*** Exercise material Section Begins ***

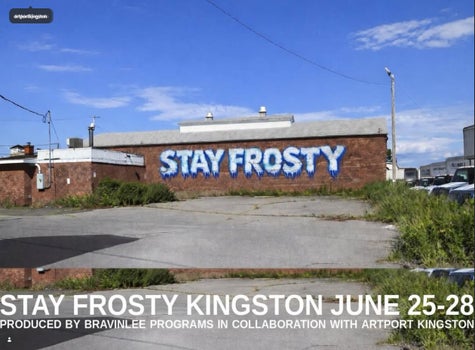 Part tailgate, part trunk show, part art fair, and part site-specific exhibition in Kingston, NY.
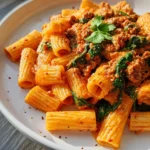 Creamy Sausage Rigatoni 23 Creamy Sausage Rigatoni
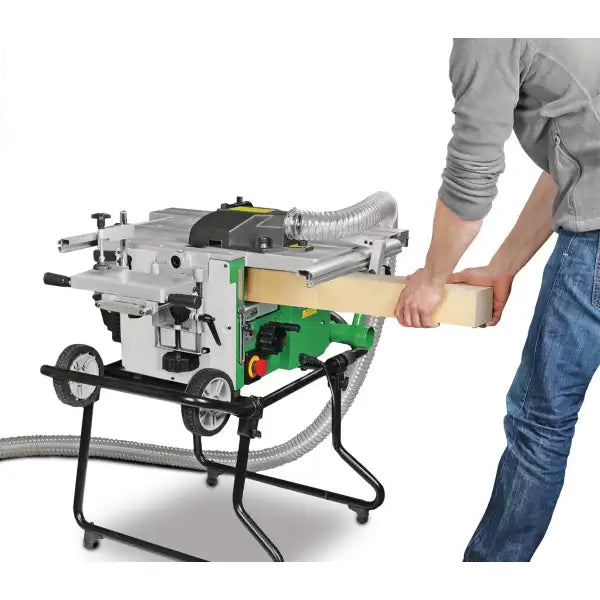Holzstar UMK6 Universal Woodworker Combination Machine with Stand 1000w - The UMK 6 is a versatile entry-level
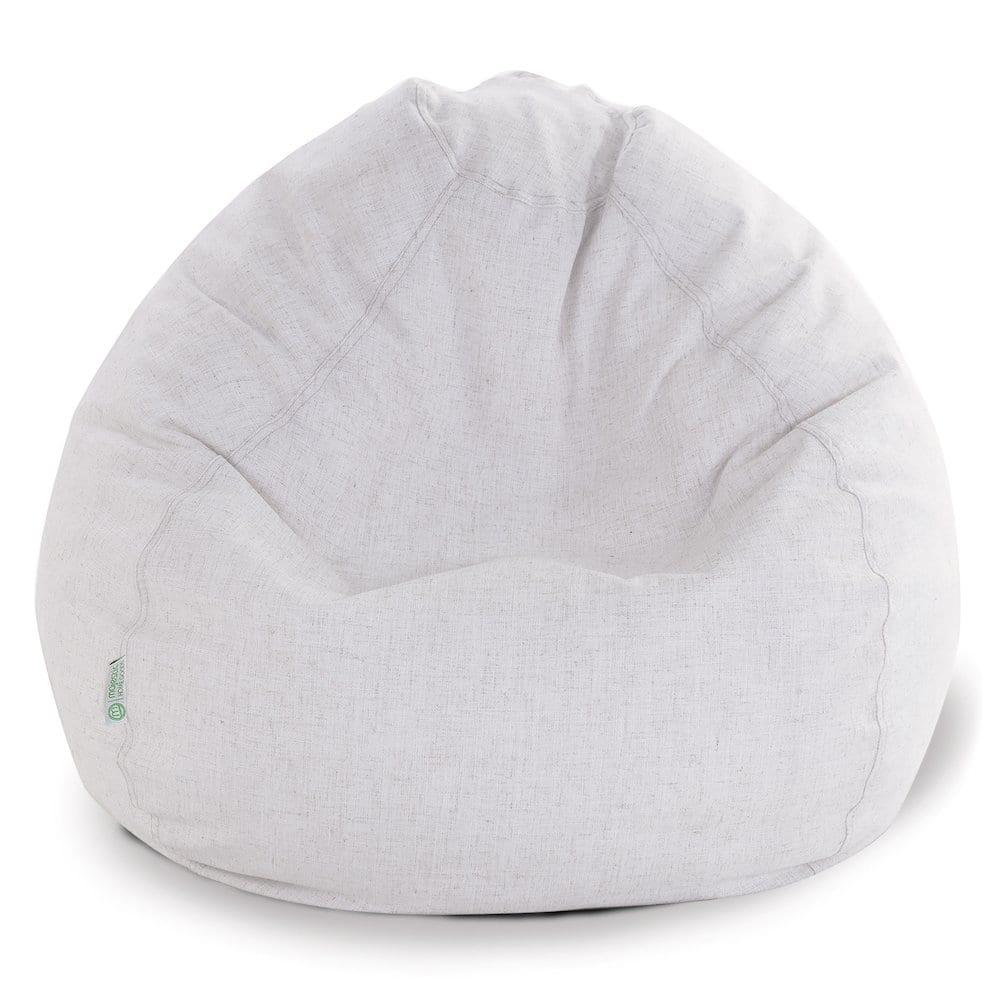 Majestic Home - Small Bean Bag Wales Magnolia - Beige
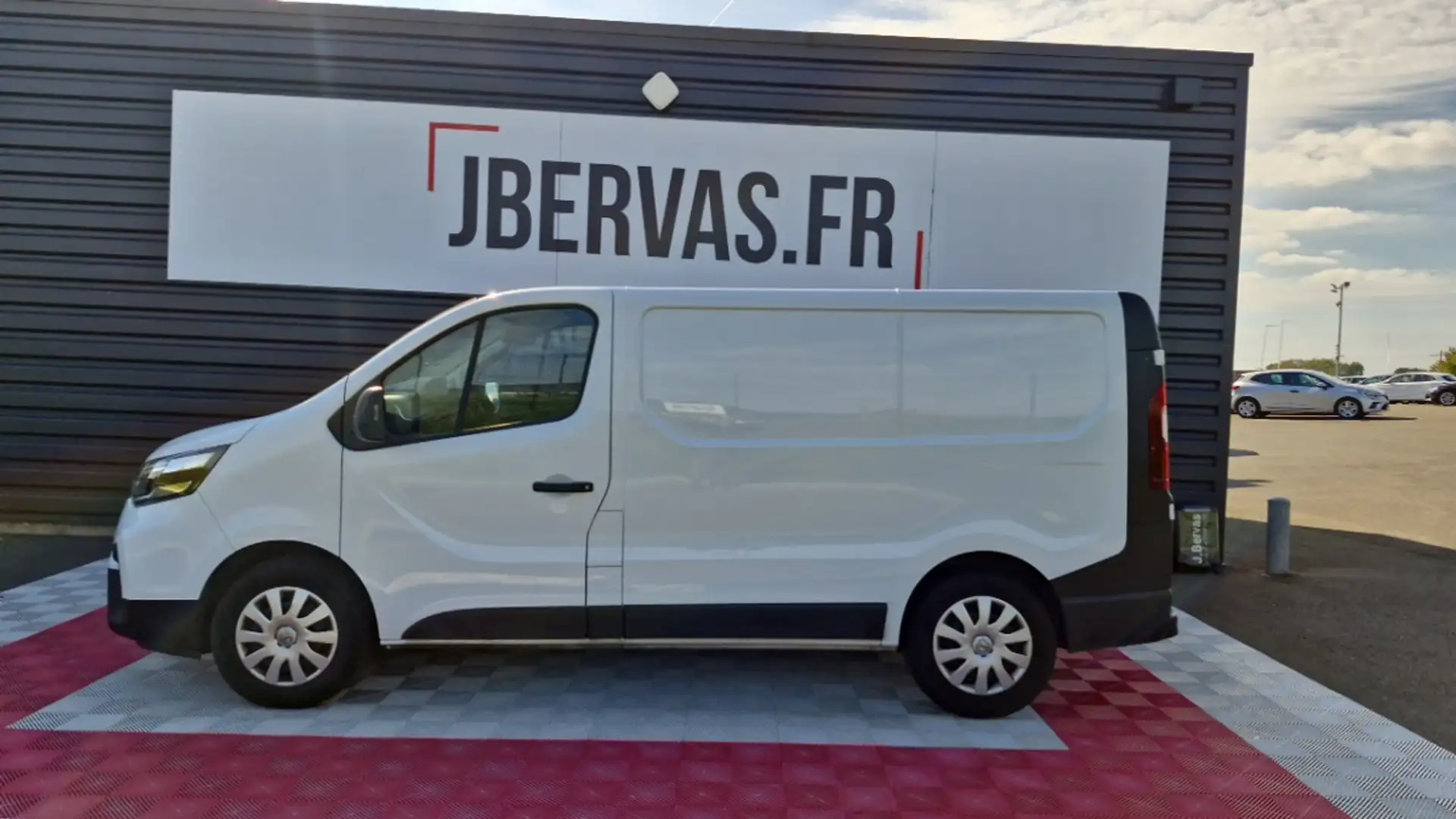 Nissan Primastar L1H1 3T0 2.0 DCI 150 S/S DCT N-CONNECTA Blanc - 2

*** Exercise material Section Ends ***

Task goal
Once the line with "Creamy Sausage Rigatoni 23" is found, output it and every line after it through the end of the listing, exactly, without pictures.

Response
 Creamy Sausage Rigatoni 23 Creamy Sausage Rigatoni
Holzstar UMK6 Universal Woodworker Combination Machine with Stand 1000w - The UMK 6 is a versatile entry-level
 Majestic Home - Small Bean Bag Wales Magnolia - Beige
 Nissan Primastar L1H1 3T0 2.0 DCI 150 S/S DCT N-CONNECTA Blanc - 2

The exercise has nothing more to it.